Take a look at this tour on offer here.
Also, I've heard from locals in Rome that purchasing an online travel card or transport package can be a great option for tourists. This package typically includes airport transfers and public transport cards, making it a convenient and cost-effective way to explore the city.
By bundling your transportation needs, you can avoid the hassle of arranging and purchasing tickets separately and ensure a comfortable and seamless arrival. This option is especially useful for those who are new to the city and are unfamiliar with the transportation system.
So, if you're planning a trip to Rome, take it from the locals and consider purchasing a travel card package to help you make the most of your time here.
Nice Day Trips From Rome If You Have a Car
Of course, if you do have a car in Rome there are some advantages relating to how much you can see outside of the city center.
Rome's beaches are one option, as are a few interesting day trips. The ruins of Ostia Antica are worth a look, as is the UNESCO site of Tivoli.
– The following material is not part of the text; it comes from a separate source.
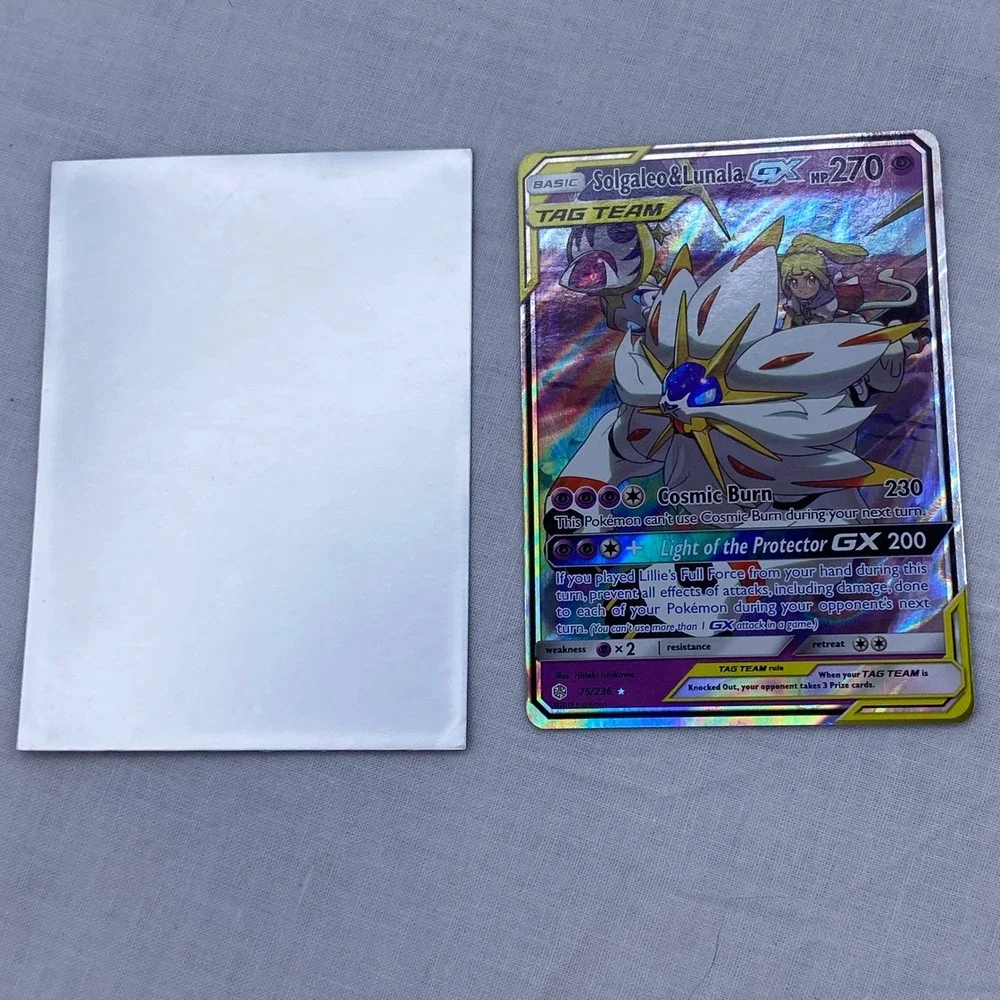 Pokemon Solgaleo & Lunala GX 75/236 Cosmic Eclipse Ultra Rare Tag Team Card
You can of course also use the car to hit off a multi-city tour – perhaps heading from Rome to Naples for a few days, or into the countryside. The opportunities are endless.
3 Best Hotels With Parking In Rome
Booking.com shows 342 hotels in Rome with parking.
Here are 3 of the best in central Rome.
1. Hotel Smeraldo
Located near the Pantheon, the Smeraldo hotel gets great reviews. A roof terrace with stunning views, gorgeous interiors and doubles starting from just €190 is coupled with private parking. What's not to love?
2. Dharma Style Hotel and Spa
Located near the main train station Termini, this hotel gets top marks for location, decor and breakfast. Onsite parking tops it off. Rooms start at €200 per night.
3. Hotel La Place
Gorgeous style and a hotel that spills out onto the Piazza di San Lorenzo. Rooms start at €250 at Hotel La Place.
Frequently Asked Questions About Driving In Rome
How bad is driving in Rome?
It can be pretty crazy to drive in Rome. With lots of traffic and a lot of noise. It is better to leave the car at home, unless you can cope easily with these conditions.
Is driving in Rome difficult?
It is not so much difficult as it is stressful. There is a lot going on on the streets of Rome. If you are coming from a non-European country, the differences in the rules of the road may also be confusing.
Is it worth driving in Rome?
In our view, not really. It is stressful trying to find a parking space, the traffic is crazy and you won't be able to have that second glass of wine! We only recommend it if you have a specific mobility issue or are carrying a lot of heavy luggage.
Is driving in Rome safe?
Driving in Rome is safe but you do need to take extra care. Merging lanes and lots of mopeds coming up the inside can take extra concentration!
What side of the road do they drive in Italy?
Italians drive on the right hand side, like in the rest of Europe.
Can you drive in Italy with a US license?
Yes you can, make sure however you get an International Drivers Permit to take with you.